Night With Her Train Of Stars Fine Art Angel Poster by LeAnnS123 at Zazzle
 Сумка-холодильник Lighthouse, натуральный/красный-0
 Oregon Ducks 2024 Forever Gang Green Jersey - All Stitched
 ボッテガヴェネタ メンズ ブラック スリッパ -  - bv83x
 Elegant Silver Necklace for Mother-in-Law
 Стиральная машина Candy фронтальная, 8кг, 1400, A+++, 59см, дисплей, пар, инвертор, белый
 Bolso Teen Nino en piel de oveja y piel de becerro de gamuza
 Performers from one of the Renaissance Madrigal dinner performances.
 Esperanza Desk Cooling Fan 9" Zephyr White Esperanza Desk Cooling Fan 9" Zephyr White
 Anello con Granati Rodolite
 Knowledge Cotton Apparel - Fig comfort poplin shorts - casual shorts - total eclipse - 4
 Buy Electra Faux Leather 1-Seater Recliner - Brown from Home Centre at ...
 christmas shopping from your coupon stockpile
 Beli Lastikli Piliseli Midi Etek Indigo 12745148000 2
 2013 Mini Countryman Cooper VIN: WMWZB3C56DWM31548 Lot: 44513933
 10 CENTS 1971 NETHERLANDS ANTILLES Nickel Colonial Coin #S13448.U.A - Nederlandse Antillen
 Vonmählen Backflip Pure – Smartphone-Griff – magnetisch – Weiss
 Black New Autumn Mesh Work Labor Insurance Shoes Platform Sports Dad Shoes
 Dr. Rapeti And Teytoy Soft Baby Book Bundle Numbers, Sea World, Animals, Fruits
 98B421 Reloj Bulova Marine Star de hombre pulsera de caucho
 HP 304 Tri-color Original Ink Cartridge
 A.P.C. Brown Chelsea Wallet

____________

EXERCISE DIRECTIONS — Return the lines exactly as they stand, please. Start at the top of the material and finish with the line where "Bolso Teen Nino" appears.

ANSWER SECTION —
Night With Her Train Of Stars Fine Art Angel Poster by LeAnnS123 at Zazzle
 Сумка-холодильник Lighthouse, натуральный/красный-0
 Oregon Ducks 2024 Forever Gang Green Jersey - All Stitched
 ボッテガヴェネタ メンズ ブラック スリッパ -  - bv83x
 Elegant Silver Necklace for Mother-in-Law
 Стиральная машина Candy фронтальная, 8кг, 1400, A+++, 59см, дисплей, пар, инвертор, белый
 Bolso Teen Nino en piel de oveja y piel de becerro de gamuza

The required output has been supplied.